Plantas com flor podem estar a recorrer à auto-polinização para compensar falta de insetos
Alguns animais e plantas têm relações íntimas em que ambos saem a ganhar. É o caso da polinização, em que insetos, os principais agentes bióticos de polinização, se alimentam do néctar das plantas com flor e essas, por sua vez, depositam os seus grãos de pólen, que são as suas células sexuais, no corpo desses artrópodes, que os levam até outras plantas e, assim, veem a sua reprodução realizada.
No entanto, os insetos são um dos grupos de seres vivos mais ameaçados do planeta, com alguns observadores a descreverem a grande e acelerada perda desses animais como um ‘apocalipse dos insetos’. Sendo que se estima que cerca de 80% das espécies vegetais usadas pelos humanos dependem, direta ou indiretamente, dos insetos polinizadores, a escassez crescente de insetos poderá ter graves consequências económicas e em termos de segurança alimentar.
Mas as plantas com flor podem estar a tentar adaptar-se a um mundo com cada vez menos insetos e a procurar novas estratégias para assegurarem a sua reprodução.
Uma equipa de investigadores da Universidade de Montpellier, em França, descobriu que algumas espécies de plantas com flor estão a recorrer à auto-polinização para compensarem a falta de insetos polinizadores e garantir a sua própria reprodução.
A investigação procurou estudar a evolução dos métodos reprodutivos de uma espécie de violeta, a Viola arvenses, ao longo de 20 anos na região de Paris “para testar se o sistema de reprodução desta espécie evoluiu em resposta aos recentes declínios de polinizadores”, escrevem os cientistas num artigo publicado na revista ‘New Phytologist’.
Os resultados mostram que as flores das V. arvenses de hoje são 10% mais pequenas, produzem 20% menos néctar e são menos visitadas por polinizadores do que os seus antepassados. Os autores atribuem essas diferenças ao “declínio das populações de polinizadores na Europa”, recordando, por exemplo, que mais de 75% da biomassa de insetos voadores desapareceu das áreas protegidas na Alemanha nos últimos 30 anos.
A equipa fala de um ciclo vicioso, em que a diminuição do número de insetos faz com que as plantas produzam menos néctar, o que por sua vez intensifica a perda de polinizadores por escassez de alimento.

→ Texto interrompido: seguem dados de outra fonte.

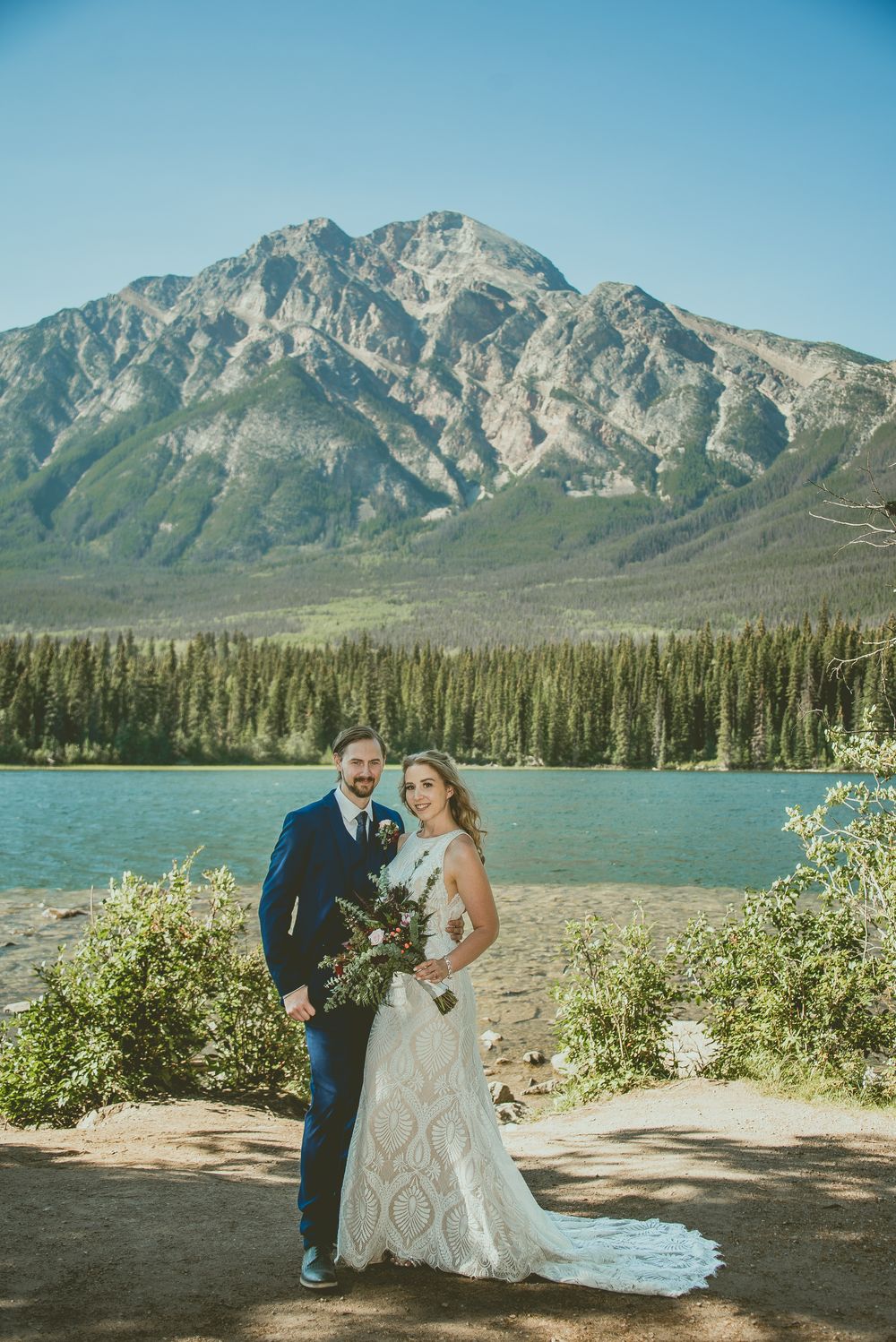 Bride and groom pose before turquoise mountain lake with Rocky Mountain backdrop.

Como tal, os investigadores salientam, em comunicado, “a importância de implementar medidas para contrariar este fenómeno o mais rapidamente possível, e para assegurar as interações entre plantas e polinizadores, que existem há milhões de anos”.
Além de potenciar o agravamento da perda de polinizadores, ao recorrerem à auto-polinização, a diversidade genética das populações e das espécies de plantas com flor será reduzida, não apenas comprometendo a sua capacidade de adaptação às alterações ambientais, mas também o normal funcionamento dos ecossistemas dos quais fazem parte.

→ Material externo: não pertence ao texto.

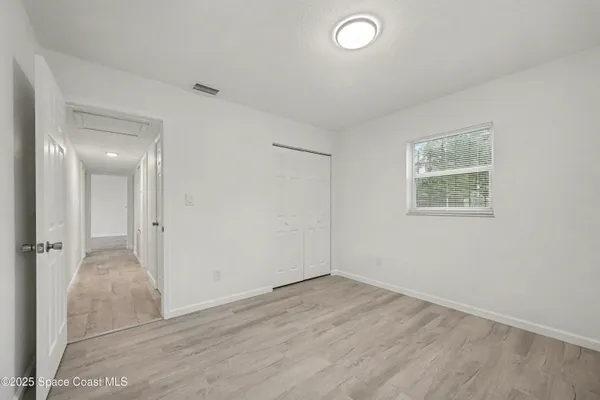 an empty room with a workbench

Algumas correntes científicas acreditam que a transição para a auto-polinização é um ‘beco sem saída’, ou seja, é uma adaptação que não pode ser revertida. Ainda assim, estes investigadores dizem que é preciso perceber se esse é realmente o caso e se é possível restabelecer interações perdidas entre insetos e plantas. Além disso, defendem que é igualmente importante compreender se essa é uma adaptação limitada a algumas espécies de plantas com flor ou um fenómeno mais abrangente e generalizado.